| What the exercise asks |
Look in the material below for the line holding "Trend Alaçatı Stili". Set it down exactly, with each later line up to and including the line holding "Men's Outdoor Waterproof".

*** Opening of Task data ***

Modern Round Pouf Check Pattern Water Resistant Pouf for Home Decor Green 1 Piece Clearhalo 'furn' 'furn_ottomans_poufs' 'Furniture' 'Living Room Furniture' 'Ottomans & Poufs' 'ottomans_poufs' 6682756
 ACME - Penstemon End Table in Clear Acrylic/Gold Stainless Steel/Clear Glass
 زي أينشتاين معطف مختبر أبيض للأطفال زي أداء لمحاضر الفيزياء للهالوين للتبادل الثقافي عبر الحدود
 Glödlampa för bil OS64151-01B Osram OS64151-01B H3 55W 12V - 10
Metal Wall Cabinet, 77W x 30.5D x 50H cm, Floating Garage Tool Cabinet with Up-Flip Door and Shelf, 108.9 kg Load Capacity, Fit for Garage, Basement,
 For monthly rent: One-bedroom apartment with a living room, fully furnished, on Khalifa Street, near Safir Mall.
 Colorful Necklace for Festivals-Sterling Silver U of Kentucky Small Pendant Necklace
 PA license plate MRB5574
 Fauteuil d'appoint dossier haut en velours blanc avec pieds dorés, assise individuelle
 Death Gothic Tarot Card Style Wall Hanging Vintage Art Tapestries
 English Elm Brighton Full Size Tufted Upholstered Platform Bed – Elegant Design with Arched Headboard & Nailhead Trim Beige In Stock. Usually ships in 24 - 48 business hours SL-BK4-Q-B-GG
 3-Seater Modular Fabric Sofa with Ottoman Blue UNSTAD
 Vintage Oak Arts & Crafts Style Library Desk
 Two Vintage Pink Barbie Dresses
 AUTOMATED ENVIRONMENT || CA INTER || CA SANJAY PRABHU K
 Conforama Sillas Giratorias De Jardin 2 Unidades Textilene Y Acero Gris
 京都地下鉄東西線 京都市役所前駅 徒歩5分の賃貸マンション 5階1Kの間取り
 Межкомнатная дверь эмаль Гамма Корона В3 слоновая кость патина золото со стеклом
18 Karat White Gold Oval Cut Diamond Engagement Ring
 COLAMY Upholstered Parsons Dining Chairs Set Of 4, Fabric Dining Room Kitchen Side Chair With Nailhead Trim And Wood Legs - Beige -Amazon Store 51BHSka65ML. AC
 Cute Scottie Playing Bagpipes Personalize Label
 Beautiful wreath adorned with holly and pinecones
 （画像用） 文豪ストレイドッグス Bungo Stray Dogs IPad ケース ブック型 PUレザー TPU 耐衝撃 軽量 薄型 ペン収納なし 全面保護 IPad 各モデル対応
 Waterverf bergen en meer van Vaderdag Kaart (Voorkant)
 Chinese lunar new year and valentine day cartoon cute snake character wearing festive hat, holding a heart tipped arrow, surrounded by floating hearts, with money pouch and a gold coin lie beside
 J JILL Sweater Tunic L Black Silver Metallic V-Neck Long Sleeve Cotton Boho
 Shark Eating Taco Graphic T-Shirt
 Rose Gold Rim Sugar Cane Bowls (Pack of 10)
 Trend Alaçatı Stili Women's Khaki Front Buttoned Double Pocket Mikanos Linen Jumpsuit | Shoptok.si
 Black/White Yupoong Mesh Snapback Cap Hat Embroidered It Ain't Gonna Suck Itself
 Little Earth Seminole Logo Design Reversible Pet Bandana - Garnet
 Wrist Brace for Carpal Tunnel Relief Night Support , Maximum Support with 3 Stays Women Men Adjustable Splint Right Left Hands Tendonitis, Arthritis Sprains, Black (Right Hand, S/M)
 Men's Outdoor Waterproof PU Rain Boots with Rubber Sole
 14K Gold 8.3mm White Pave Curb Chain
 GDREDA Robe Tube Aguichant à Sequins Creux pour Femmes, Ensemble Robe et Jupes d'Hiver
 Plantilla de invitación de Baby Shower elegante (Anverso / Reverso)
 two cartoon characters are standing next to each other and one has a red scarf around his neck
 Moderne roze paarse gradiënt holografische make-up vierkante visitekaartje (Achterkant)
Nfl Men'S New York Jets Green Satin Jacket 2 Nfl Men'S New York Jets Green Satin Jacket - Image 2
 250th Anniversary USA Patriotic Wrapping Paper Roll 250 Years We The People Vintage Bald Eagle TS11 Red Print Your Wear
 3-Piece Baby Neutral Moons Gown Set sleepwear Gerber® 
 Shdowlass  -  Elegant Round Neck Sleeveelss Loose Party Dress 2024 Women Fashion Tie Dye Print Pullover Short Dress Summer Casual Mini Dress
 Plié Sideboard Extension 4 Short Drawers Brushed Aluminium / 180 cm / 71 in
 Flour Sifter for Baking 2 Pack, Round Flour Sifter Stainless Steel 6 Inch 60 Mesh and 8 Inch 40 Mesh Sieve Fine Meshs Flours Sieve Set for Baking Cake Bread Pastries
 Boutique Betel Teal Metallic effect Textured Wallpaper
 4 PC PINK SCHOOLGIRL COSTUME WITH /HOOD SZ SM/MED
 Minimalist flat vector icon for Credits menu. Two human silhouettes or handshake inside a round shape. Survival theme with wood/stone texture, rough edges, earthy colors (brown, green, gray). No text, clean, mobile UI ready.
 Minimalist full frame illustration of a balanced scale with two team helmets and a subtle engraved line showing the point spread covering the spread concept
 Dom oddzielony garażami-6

*** Close of Task data ***

| Response area |
 Trend Alaçatı Stili Women's Khaki Front Buttoned Double Pocket Mikanos Linen Jumpsuit | Shoptok.si
 Black/White Yupoong Mesh Snapback Cap Hat Embroidered It Ain't Gonna Suck Itself
 Little Earth Seminole Logo Design Reversible Pet Bandana - Garnet
 Wrist Brace for Carpal Tunnel Relief Night Support , Maximum Support with 3 Stays Women Men Adjustable Splint Right Left Hands Tendonitis, Arthritis Sprains, Black (Right Hand, S/M)
 Men's Outdoor Waterproof PU Rain Boots with Rubber Sole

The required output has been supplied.